王座に腰掛け、垂れ幕で表情が窺えぬが、ビムは確かに魔王が『微笑』を浮かべたと感じた。
「…………。敵の戦力は」
「注意すべき人物は四神の一人『白虎』に中ボス。あとは雑兵ばかり。全てのシゼルに戦闘送らなくとも、レッドシゼルを二十。これだけで不足ないでしょう」
甘い。――魔王は呟き、始めからビムやシゼルを当てにしていないのか、王座から立ち上る。
「御身自ら出られるのですか!?」
「あまりに不安要素が多すぎる。どうせ有り余っている力だ。出し惜しむ必要はなかろう」
ビムの制止を無視する魔王。魔王の脇で静かに控えていた小ボスも、それに合わせるように動き出す。

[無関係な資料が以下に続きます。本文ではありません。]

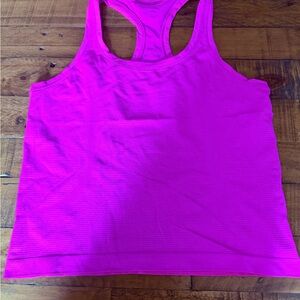 lululemon athletica Bright Pink Tank Top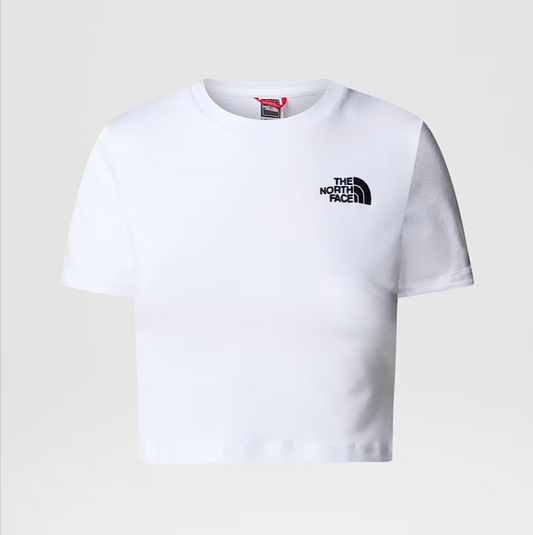 W ESSENTIAL CROPPED SLIM SHORT SLEEVE TE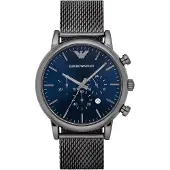 Emporio Armani Luigi Heren Horloge Grijs AR1979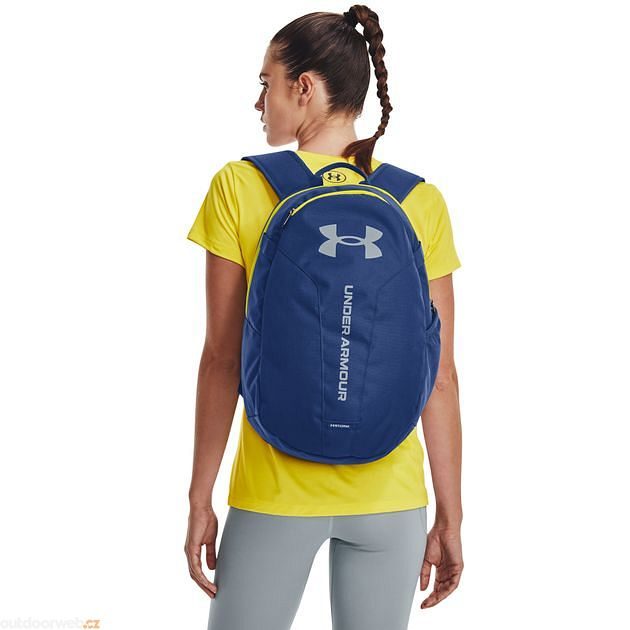Hustle Lite Backpack 24, blue - backpack - UNDER ARMOUR - 28.61 €
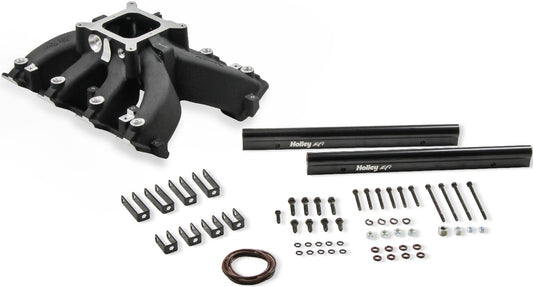 INTAKE MANIFOLD,LS3/L92,SINGLE-PLANE,4150,SPLIT,FR,BLACK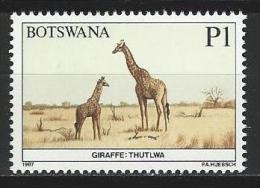 Botswana Mi 419, SG 635 ** MNH - Giraffes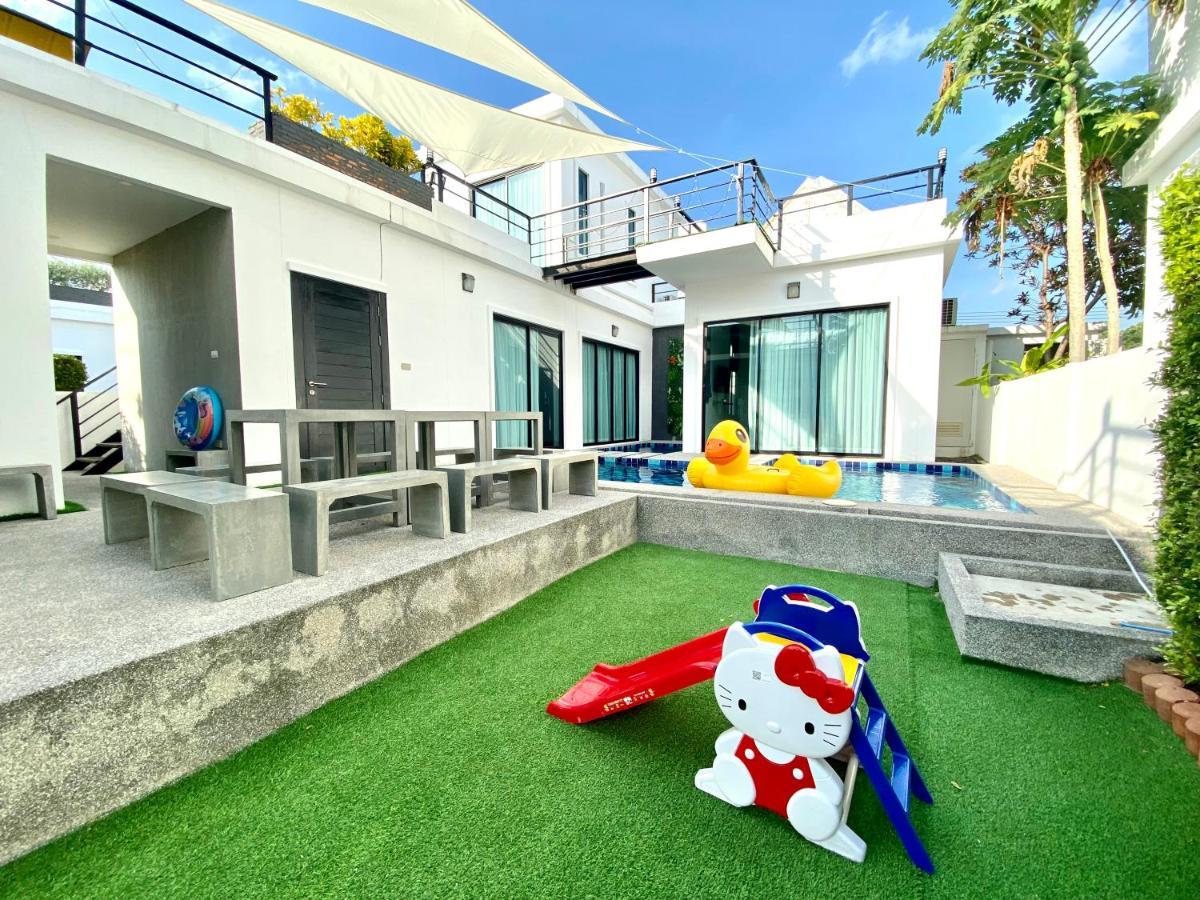 Hua Hin Pool Villa Modern Cool - Fill Feel エクステリア 写真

そしてその瞬間、全てのシゼル達が自分の管理下から、魔王へと指揮権が移った事を感じ取る。
「もはやお前は不要だ。これからはシゼルは全て俺様が使う」
「なっ!?」
「――シッ」
小さく息を吐き、突撃する小ボス。
瞬く間に間合いを詰め。破壊的なまでに強化された小ボスの拳が寸分違う事無くビムの頭部を撃ち抜いた。
まったく興味が無いのか、魔王は一瞥もすることなくその場を離れ、王室を後する。